Definition run_algorithm' n (a: algorithm' n): instantation -> instantation.
Proof.
induction a.
+ exact (fun x => x).
+ intro i. destruct c. exact (if Compare_dec.gt_dec (i (num more)) (i (num less))
then IHa1 (run_assignment_list pos_assignments i)
else IHa2 (run_assignment_list neg_assignments i)).
Defined.
Definition run_algorithm'' n (a: algorithm'' n) (i: instantation): instantation.
Proof.
induction a.
+ exact (run_assignment_list l i).
+ destruct c.
exact (if Compare_dec.gt_dec (i (num more)) (i (num less)) then IHa1 else IHa2).
Defined.
Fixpoint append_assignments n (a: algorithm'' n) (L: list assignment): algorithm'' n :=
match a with
| leaf'' L0 => leaf'' (L ++ L0)
| conditional'' c pos neg => conditional'' c (append_assignments pos L) (append_assignments neg L)
end.
Fixpoint algorithm'_to_algorithm'' n (a: algorithm' n): algorithm'' n :=
match a with
| leaf' => leaf'' nil
| conditional' c Lpos Lneg pos neg =>
conditional'' c (append_assignments (algorithm'_to_algorithm'' pos) Lpos)
(append_assignments (algorithm'_to_algorithm'' neg) Lneg)
end.
Theorem algorithm'_algorithm''_equiv n (a: algorithm' n):
forall (i: instantation) (x: variable), run_algorithm' a i x = run_algorithm'' (algorithm'_to_algorithm'' a) i x.
Proof.
Admitted.
Your statement appears to be false. Here is a counter example.
Definition mya1 : algorithm' 2 :=
conditional' (GT x0 x1)
((assign (num x0) (num x2)) :: (assign (num x1) (num x3)) :: nil)
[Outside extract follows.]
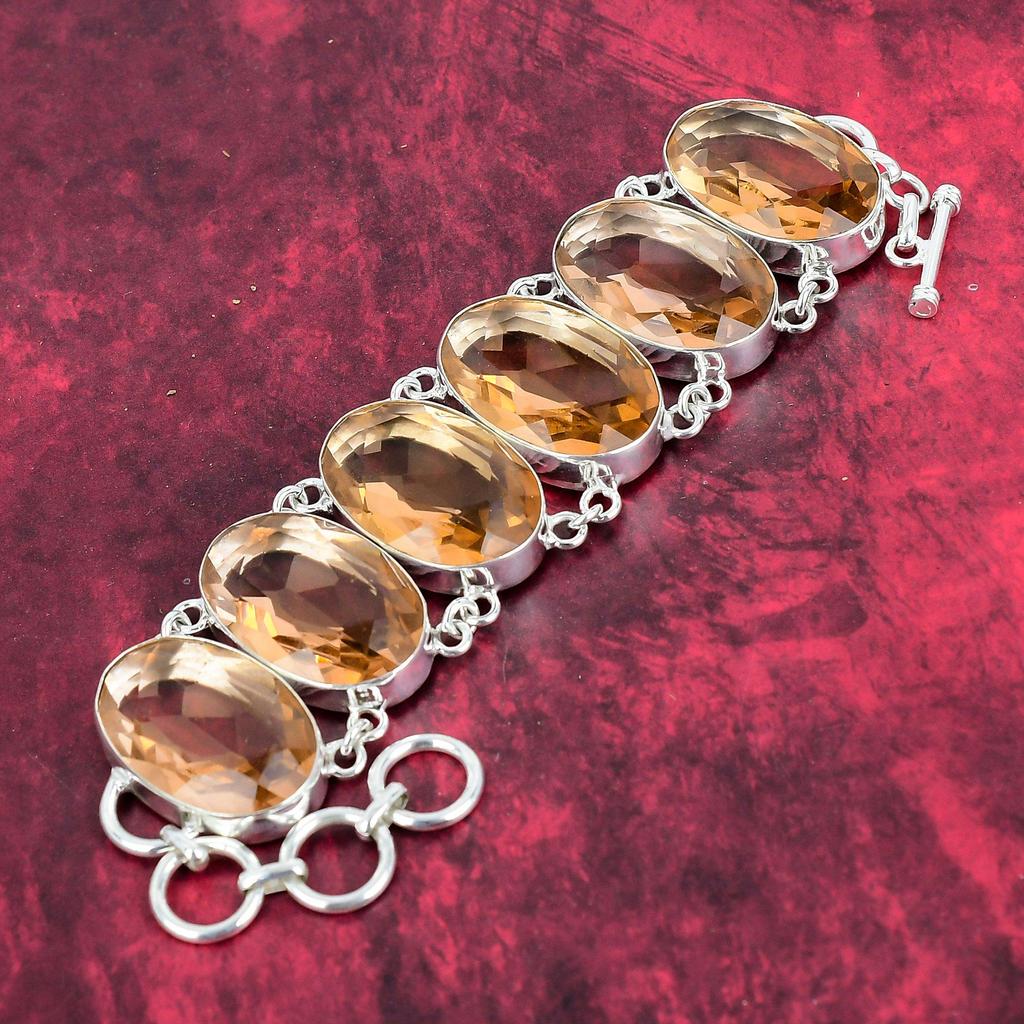 Faceted Morganite Gemstone Handmade Bracelet , 925 Solid Sterling Silver Adjustable Chain Bracelet ,Dainty Jewelry For Gift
((assign (num x0) (num x4)) :: (assign (num x1) (num x5)) :: nil)
(conditional' (GT x2 x3)
((assign (num x2) (num x6)) :: (assign (num x3) (num x7)) :: nil)
((assign (num x0) (num x4)) :: (assign (num x1) (num x5)) :: nil)
leaf' leaf')
(conditional' (GT x3 x0)
((assign (num x2) (num x7)) :: (assign (num x3) (num x6)) :: nil)
((assign (num x0) (num x4)) :: (assign (num x1) (num x5)) :: nil)
leaf' leaf').
Definition myi x :=
if variable_eq_dec x (num x0) then 3 else
if variable_eq_dec x (num x1) then 4 else
if variable_eq_dec x (num x2) then 6 else
if variable_eq_dec x (num x3) then 5 else
if variable_eq_dec x (num x4) then 7 else
if variable_eq_dec x (num x5) then 8 else
if variable_eq_dec x (num x6) then 9 else
0.
The following command returns 6
Compute run_algorithm' mya1 myi (num x2).
While the following returns 0.
Compute run_algorithm'' (algorithm'_to_algorithm'' mya1) myi (num x2).
I found the counter example by attempting to do the proof by induction on a. Here is my script.
Theorem algorithm'_algorithm''_equiv n (a: algorithm' n):
forall (i: instantation) (x: variable),
run_algorithm' a i x = run_algorithm'' (algorithm'_to_algorithm'' a) i x.
Proof.
induction a.
easy.
simpl.
intros i x.
destruct c.
destruct (Compare_dec.gt_dec (i (num more)) (i (num less))) as [cmp1 | cmp2].
rewrite IHa1.
This leads me to a goal that is more about append_assigments and run_assignment_list, which I state in this manner.
Lemma algorithm''_list n (a : algorithm'' n) (l: list assignment) i x :
run_algorithm'' a (run_assignment_list l i) x =
run_algorithm'' (append_assignments a l) i x.
In the course of making this proof, by induction on a, I could see that there was a mismatch of execution between the two sides of the equality. Analyzing it further lead to the counterexample.